| Input for this task |
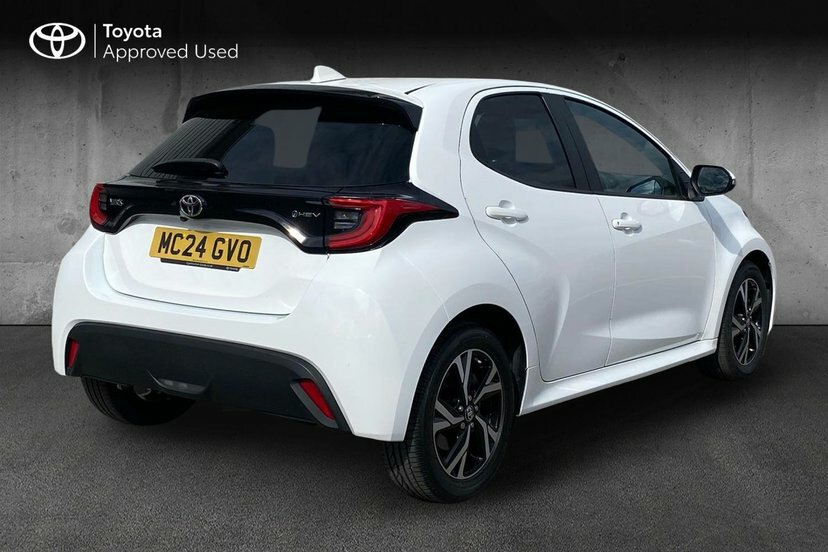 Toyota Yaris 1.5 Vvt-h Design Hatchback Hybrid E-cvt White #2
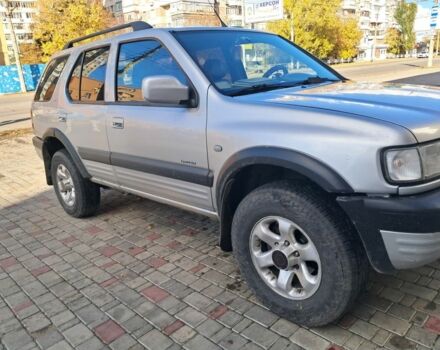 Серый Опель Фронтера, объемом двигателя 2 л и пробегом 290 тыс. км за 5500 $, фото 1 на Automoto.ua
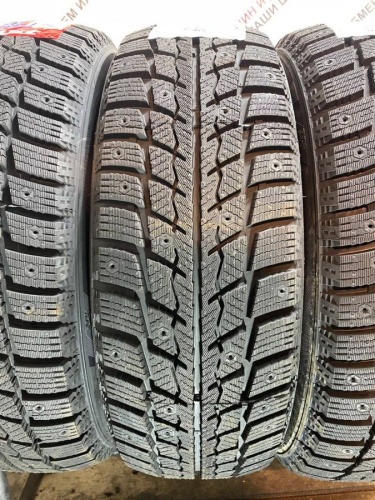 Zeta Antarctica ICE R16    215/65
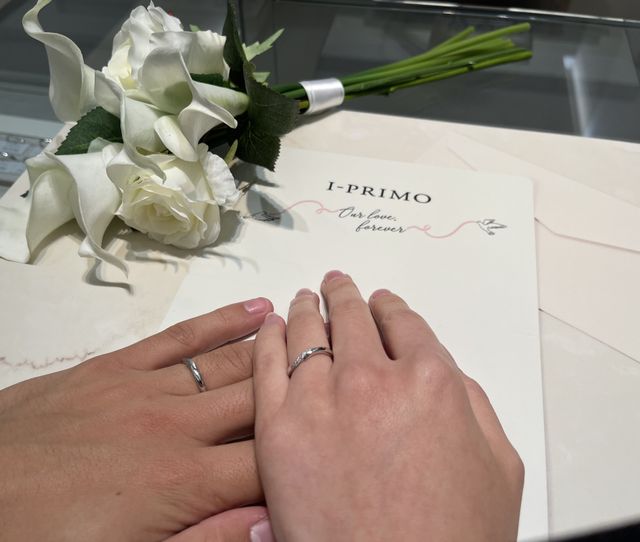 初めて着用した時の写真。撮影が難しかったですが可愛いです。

---

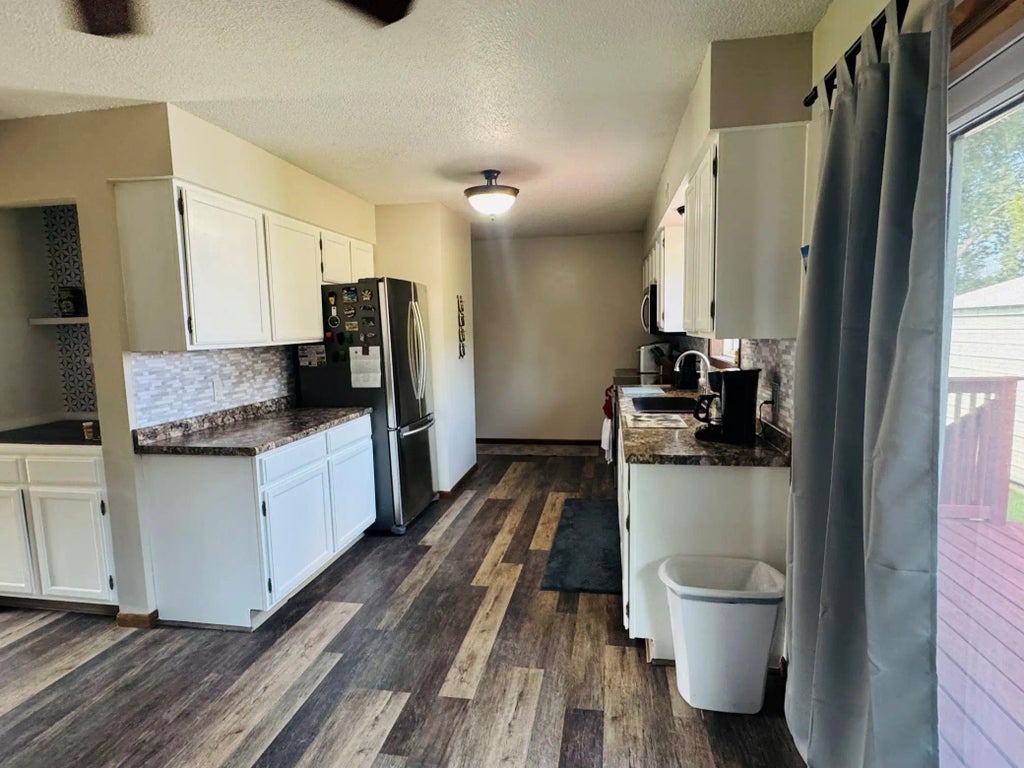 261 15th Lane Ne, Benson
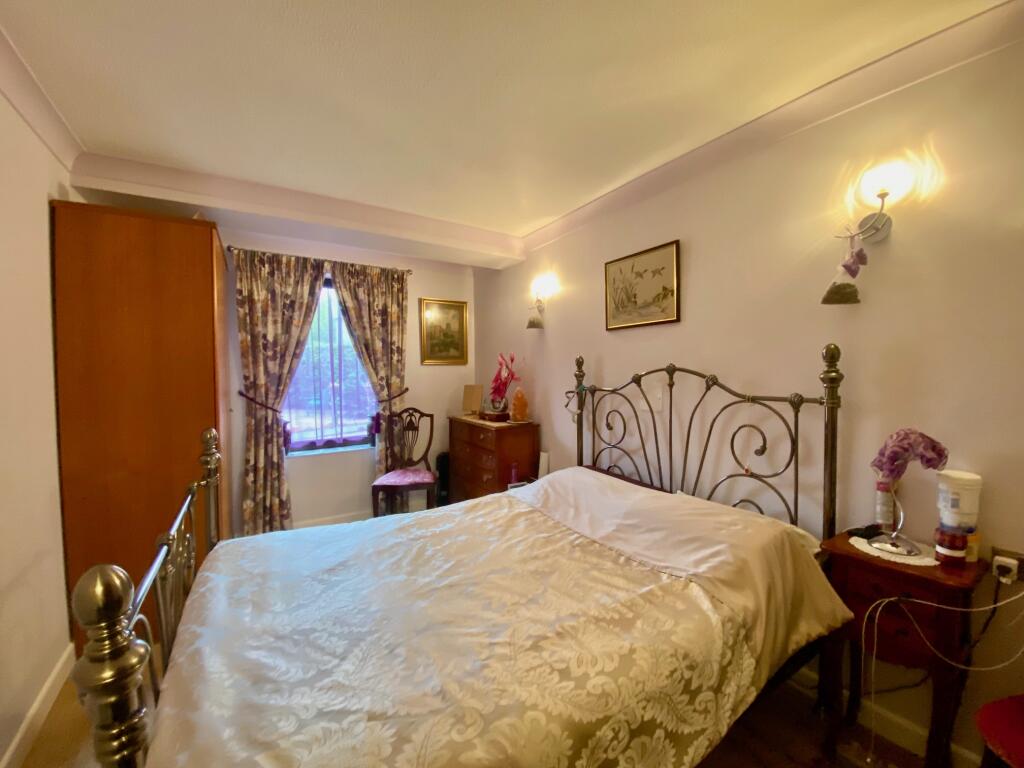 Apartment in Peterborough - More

| Directions for this task |
Only one part of the listing is wanted: the lines from the one containing "Toyota Yaris 1.5" through the one containing "初めて着用した時の写真。撮影が難しかったですが可愛いです。", both included. Please transcribe it exactly, leaving out the pictures.

| Answer to the problem |
 Toyota Yaris 1.5 Vvt-h Design Hatchback Hybrid E-cvt White #2
 Серый Опель Фронтера, объемом двигателя 2 л и пробегом 290 тыс. км за 5500 $, фото 1 на Automoto.ua
 Zeta Antarctica ICE R16    215/65
 初めて着用した時の写真。撮影が難しかったですが可愛いです。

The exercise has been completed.